A huge, for me prerequisite, component of being empowered is having boundaries respected. Your daughter is already setting hers; it seems that she is, indeed, telling you what she wants and needs regarding her sexuality. The way you respond to her opinions will teach her a great deal about whether her autonomy is honored. Her body. Her pace. Her terms.


----------



## Cyllya (Jun 10, 2009)

Considering how many sex-negative household there are out there and how few people decide to stay single forever, I don't think you have to worry about that. Especially not due to a mediocre first sex experience.
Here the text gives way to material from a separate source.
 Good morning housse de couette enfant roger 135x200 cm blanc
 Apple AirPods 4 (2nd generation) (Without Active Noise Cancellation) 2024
I wouldn't put any erotica where she's going to see it whether she likes it or not. When you think about it, that could really easily feel kind of sexual-harassment-y from her perspective, ya know? I can understand wanting to provide her with erotica, since getting free porn off the internet requires that you wade through a lot of super-disturbing stuff. Maybe you can stash some erotica somewhere and let her know where it's at in case she wants to use it OR avoid it.


----------



## onlyzombiecat (Aug 15, 2004)

I voted no to the poll because I think it is not positive, appropriate or respectful to encourage/pressure a teen girl to explore her body when she has said she doesn't like the idea of sex and finds it gross.

I would tell my dd that she truly doesn't have to ever have sex if she doesn't want to. I would tell her that sex can and should be a very normal, pleasurable experience but having sex or masturbating is not a mandatory act to being an adult or a woman. It doesn't make her more or less important or lovable if she chooses to abstain. She is the same person regardless.

I would let her know that I do not feel she has to make a vow or have her life planned out because things do change as you get older. She might get curious as she gets older or meet someone who she wants to share that type of intimate relationship with and that is fine. She should not feel bad about changing her mind after saying that she wants to stay a virgin.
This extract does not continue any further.